Under Chief Executive Alessandro Bogliolo, Tiffany has been
reaping the benefits of a shift in focus to price-conscious
younger clientele by selling less expensive fashion jewelry and
introducing high-end everyday home items such as $350 gold
straws and $1,500 gold paper clips.
The company also recently unveiled Paper Flowers, its new floral
jewelry collection made of platinum and diamonds.
Net sales in the Americas, which accounts for nearly half of the
company's total sales, rose 8 percent to $475 million. Sales in
Asia Pacific grew 28 percent.
The company traditionally benefits from tourist spending in the
United States with its flagship New York store generating almost
10 percent of annual sales, but it underlined that the gains
this time in both those major regions were driven by spending by
locals.
After years of falling sales, mainly due to intense competition
from online players such as Blue Nile, Tiffany has been
investing significantly to develop its website and boost its
marketing and store presentations.
Despite the additional costs generated by those investments, the
company's gross margins rose to 64 percent from 62.5 percent a
year earlier.
"Tiffany is continuing on its turnaround strategy, posting
strong revenue growth," said Instinet analyst Simeon Siegel.
"The company has been explicit in its intentions to reinvest
into the business, which should be a positive."

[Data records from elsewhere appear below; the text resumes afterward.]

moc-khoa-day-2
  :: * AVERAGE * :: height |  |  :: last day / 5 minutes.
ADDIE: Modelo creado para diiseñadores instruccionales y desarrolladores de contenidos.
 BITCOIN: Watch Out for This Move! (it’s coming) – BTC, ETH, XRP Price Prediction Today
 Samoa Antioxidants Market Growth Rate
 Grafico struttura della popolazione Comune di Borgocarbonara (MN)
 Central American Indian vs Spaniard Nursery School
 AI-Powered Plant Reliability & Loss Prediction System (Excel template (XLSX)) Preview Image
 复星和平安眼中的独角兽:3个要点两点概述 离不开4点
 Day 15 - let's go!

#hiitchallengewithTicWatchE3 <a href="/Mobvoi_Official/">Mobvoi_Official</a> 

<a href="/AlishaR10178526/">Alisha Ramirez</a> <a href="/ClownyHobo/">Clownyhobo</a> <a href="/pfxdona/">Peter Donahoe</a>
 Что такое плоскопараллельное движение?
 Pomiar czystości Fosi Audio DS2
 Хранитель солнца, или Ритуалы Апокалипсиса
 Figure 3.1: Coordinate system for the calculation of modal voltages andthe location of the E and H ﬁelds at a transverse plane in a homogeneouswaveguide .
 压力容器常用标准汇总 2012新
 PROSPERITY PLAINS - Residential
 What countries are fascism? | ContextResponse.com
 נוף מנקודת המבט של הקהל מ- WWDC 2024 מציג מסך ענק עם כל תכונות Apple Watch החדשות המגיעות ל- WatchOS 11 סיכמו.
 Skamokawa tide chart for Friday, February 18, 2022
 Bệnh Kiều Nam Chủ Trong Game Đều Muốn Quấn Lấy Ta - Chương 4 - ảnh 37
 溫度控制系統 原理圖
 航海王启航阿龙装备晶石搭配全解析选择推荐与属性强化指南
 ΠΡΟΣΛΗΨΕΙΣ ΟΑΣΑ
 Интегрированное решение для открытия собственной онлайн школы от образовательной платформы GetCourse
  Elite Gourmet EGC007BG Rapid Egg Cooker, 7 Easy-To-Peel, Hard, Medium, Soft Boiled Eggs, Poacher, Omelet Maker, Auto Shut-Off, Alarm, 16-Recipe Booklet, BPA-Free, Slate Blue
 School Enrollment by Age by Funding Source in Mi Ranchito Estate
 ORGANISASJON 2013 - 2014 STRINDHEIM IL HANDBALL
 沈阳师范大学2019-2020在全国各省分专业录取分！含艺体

Tiffany's same-store sales rose 7 percent excluding the impact
of exchange rate fluctuations, above expectations of an increase
of 5.73 percent, according to Thomson Reuters I/B/E/S.
The company's net earnings rose 26 percent to $144.7 million in
the second quarter ended July 31.
Net sales rose 12.6 percent to $1.08 billion, topping the
average analyst estimate of $1.04 billion.
Excluding one-time items, the company earned $1.17 per share,
while Wall Street had expected $1.01 per share.